Only one stretch of the listing below is wanted. Begin at the line that has "Lot: 21 - FREEHOLD", stop after the line that has "GAP Modern Stretch", and repeat every line in between exactly.

- [Source data]

-- Opening Marker --

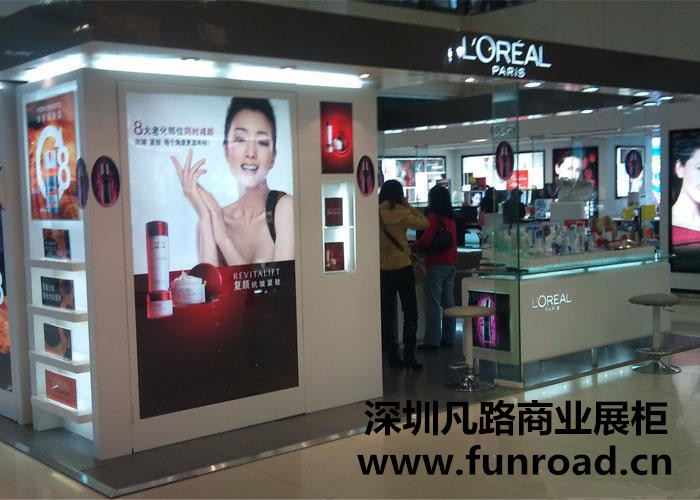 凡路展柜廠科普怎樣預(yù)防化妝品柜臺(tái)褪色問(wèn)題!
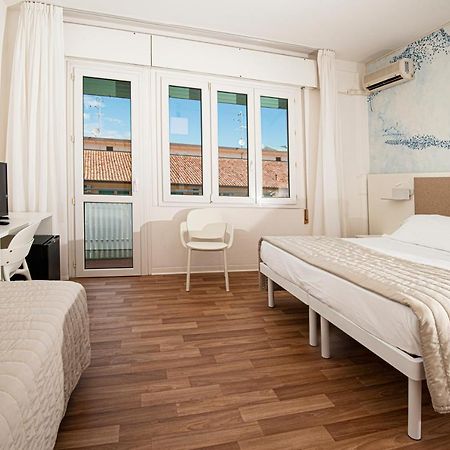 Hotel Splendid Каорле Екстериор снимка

-- Closing Marker --
-- Opening Marker --

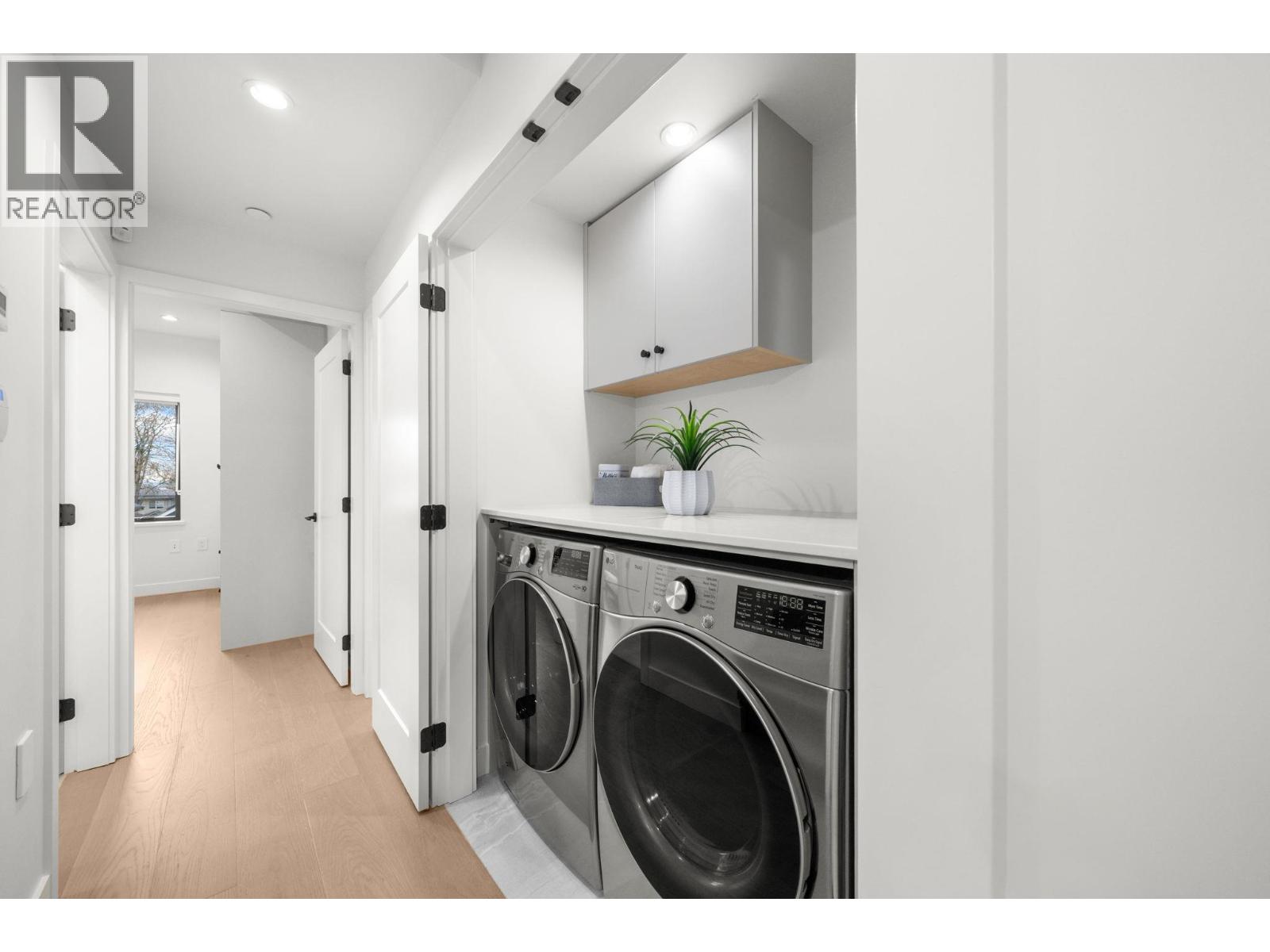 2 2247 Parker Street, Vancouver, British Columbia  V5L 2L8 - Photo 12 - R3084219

-- Closing Marker --
-- Opening Marker --

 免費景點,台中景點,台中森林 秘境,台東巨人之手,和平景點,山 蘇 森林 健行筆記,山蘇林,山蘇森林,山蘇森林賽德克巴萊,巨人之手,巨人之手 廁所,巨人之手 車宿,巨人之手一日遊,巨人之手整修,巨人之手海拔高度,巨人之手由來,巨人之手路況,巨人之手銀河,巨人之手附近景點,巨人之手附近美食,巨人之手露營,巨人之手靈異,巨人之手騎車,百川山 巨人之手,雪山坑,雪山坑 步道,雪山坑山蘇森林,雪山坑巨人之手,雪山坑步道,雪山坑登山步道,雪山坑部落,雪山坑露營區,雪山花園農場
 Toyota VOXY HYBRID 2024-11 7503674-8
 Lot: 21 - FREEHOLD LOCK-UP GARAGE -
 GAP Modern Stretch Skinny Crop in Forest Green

-- Closing Marker --

- [Answer]
 Lot: 21 - FREEHOLD LOCK-UP GARAGE -
 GAP Modern Stretch Skinny Crop in Forest Green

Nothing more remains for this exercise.